◆ Exercise goal ◆
Scan the records for lines with the word "Series", and copy every such line.

◆ Task material ◆

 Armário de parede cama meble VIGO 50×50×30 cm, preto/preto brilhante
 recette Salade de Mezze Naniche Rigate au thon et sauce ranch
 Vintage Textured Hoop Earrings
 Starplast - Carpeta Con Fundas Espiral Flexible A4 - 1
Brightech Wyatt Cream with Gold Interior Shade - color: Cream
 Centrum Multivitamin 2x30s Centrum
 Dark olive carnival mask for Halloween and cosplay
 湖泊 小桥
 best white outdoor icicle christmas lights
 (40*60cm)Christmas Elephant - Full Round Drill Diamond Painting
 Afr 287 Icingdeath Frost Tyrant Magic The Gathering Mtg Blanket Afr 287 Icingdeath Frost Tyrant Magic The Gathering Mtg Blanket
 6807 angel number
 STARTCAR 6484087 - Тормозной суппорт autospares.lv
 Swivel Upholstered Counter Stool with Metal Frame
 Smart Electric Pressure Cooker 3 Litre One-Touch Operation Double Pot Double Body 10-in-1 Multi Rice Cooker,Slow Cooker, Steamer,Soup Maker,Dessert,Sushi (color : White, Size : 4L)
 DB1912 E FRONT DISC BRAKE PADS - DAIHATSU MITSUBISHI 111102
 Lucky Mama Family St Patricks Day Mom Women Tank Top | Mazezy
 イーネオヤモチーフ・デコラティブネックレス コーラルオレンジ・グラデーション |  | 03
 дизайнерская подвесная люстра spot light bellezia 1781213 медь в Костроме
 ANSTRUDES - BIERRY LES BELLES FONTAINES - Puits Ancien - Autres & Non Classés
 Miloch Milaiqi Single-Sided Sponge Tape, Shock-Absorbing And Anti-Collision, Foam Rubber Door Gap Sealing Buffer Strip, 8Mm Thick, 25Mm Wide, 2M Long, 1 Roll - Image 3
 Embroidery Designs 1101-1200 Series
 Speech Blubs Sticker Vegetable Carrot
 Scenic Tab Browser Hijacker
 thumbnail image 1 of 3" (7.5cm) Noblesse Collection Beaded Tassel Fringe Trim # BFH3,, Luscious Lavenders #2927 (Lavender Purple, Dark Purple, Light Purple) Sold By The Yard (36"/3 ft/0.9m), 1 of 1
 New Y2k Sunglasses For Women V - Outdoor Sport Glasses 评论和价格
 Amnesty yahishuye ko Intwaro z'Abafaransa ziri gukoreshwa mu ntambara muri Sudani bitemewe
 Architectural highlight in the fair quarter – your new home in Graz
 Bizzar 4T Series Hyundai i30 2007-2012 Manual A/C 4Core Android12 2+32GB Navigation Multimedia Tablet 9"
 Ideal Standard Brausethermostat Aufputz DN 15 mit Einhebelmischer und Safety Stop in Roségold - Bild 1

◆ Problem solution ◆
 Embroidery Designs 1101-1200 Series
 Bizzar 4T Series Hyundai i30 2007-2012 Manual A/C 4Core Android12 2+32GB Navigation Multimedia Tablet 9"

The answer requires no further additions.